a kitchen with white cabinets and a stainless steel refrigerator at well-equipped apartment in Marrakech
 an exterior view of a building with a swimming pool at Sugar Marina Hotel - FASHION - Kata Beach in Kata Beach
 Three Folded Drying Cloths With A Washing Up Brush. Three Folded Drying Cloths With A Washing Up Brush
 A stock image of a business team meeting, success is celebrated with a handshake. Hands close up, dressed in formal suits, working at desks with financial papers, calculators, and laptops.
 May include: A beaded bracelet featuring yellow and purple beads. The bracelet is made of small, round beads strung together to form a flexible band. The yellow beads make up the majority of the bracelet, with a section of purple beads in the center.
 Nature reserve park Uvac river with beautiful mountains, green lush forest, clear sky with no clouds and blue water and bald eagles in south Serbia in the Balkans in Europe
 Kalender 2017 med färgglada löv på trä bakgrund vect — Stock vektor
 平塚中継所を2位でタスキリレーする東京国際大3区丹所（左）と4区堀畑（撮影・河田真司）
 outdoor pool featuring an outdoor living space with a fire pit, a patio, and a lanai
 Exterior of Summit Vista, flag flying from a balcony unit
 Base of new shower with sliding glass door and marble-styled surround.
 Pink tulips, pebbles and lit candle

What this task involves: Using the listing above, retype each line exactly.

The answer:
a kitchen with white cabinets and a stainless steel refrigerator at well-equipped apartment in Marrakech
 an exterior view of a building with a swimming pool at Sugar Marina Hotel - FASHION - Kata Beach in Kata Beach
 Three Folded Drying Cloths With A Washing Up Brush. Three Folded Drying Cloths With A Washing Up Brush
 A stock image of a business team meeting, success is celebrated with a handshake. Hands close up, dressed in formal suits, working at desks with financial papers, calculators, and laptops.
 May include: A beaded bracelet featuring yellow and purple beads. The bracelet is made of small, round beads strung together to form a flexible band. The yellow beads make up the majority of the bracelet, with a section of purple beads in the center.
 Nature reserve park Uvac river with beautiful mountains, green lush forest, clear sky with no clouds and blue water and bald eagles in south Serbia in the Balkans in Europe
 Kalender 2017 med färgglada löv på trä bakgrund vect — Stock vektor
 平塚中継所を2位でタスキリレーする東京国際大3区丹所（左）と4区堀畑（撮影・河田真司）
 outdoor pool featuring an outdoor living space with a fire pit, a patio, and a lanai
 Exterior of Summit Vista, flag flying from a balcony unit
 Base of new shower with sliding glass door and marble-styled surround.
 Pink tulips, pebbles and lit candle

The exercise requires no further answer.